REQUIRED WORK: Write out exactly the lines of the entries below from the one holding "A rare find" to the one holding "As viagens em", inclusive, and leave out all other lines.

STORED DATA:
***
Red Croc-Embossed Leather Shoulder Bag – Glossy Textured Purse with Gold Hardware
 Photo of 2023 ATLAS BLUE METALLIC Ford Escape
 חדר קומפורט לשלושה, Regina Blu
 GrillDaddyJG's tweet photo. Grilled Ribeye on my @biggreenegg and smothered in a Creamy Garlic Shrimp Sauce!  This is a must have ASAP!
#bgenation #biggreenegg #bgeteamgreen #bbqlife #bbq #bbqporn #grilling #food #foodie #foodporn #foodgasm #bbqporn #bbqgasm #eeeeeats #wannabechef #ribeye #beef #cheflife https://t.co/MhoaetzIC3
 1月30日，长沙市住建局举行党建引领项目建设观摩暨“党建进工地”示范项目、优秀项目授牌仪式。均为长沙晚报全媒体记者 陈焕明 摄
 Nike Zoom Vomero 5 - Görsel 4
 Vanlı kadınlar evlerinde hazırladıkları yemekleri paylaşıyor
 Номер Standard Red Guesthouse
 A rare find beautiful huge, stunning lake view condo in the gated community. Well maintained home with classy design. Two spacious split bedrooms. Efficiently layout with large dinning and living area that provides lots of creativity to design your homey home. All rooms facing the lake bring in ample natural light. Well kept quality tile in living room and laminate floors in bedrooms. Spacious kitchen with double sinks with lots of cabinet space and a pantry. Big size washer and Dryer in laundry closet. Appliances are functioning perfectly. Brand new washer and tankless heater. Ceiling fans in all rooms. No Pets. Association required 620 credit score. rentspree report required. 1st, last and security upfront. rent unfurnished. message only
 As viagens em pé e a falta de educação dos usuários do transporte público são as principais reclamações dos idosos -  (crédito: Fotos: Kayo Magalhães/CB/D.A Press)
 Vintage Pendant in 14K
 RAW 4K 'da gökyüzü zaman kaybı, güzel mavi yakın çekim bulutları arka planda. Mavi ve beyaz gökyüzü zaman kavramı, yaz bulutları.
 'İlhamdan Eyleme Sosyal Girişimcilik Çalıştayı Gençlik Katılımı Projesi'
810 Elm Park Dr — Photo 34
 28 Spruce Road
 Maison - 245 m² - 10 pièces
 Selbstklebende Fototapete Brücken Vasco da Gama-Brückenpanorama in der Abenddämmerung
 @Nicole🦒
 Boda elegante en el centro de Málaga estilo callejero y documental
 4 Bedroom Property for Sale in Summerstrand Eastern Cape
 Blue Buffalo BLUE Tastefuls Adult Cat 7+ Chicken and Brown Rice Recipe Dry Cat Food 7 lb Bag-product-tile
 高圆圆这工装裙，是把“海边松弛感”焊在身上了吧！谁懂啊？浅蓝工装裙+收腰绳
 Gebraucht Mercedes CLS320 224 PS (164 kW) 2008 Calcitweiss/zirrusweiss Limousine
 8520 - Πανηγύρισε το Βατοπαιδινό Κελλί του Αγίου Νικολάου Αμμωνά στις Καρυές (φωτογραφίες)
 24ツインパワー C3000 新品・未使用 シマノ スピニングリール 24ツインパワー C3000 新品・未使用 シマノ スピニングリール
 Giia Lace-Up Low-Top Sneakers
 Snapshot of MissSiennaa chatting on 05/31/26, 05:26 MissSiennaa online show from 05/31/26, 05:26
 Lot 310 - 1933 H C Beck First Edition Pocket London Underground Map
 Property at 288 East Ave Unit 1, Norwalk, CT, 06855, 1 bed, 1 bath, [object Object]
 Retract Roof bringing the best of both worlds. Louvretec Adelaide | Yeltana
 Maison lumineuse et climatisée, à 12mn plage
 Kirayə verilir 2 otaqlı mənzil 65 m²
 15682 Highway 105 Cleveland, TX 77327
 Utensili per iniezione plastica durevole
***
COMPLETED EXERCISE:
 A rare find beautiful huge, stunning lake view condo in the gated community. Well maintained home with classy design. Two spacious split bedrooms. Efficiently layout with large dinning and living area that provides lots of creativity to design your homey home. All rooms facing the lake bring in ample natural light. Well kept quality tile in living room and laminate floors in bedrooms. Spacious kitchen with double sinks with lots of cabinet space and a pantry. Big size washer and Dryer in laundry closet. Appliances are functioning perfectly. Brand new washer and tankless heater. Ceiling fans in all rooms. No Pets. Association required 620 credit score. rentspree report required. 1st, last and security upfront. rent unfurnished. message only
 As viagens em pé e a falta de educação dos usuários do transporte público são as principais reclamações dos idosos -  (crédito: Fotos: Kayo Magalhães/CB/D.A Press)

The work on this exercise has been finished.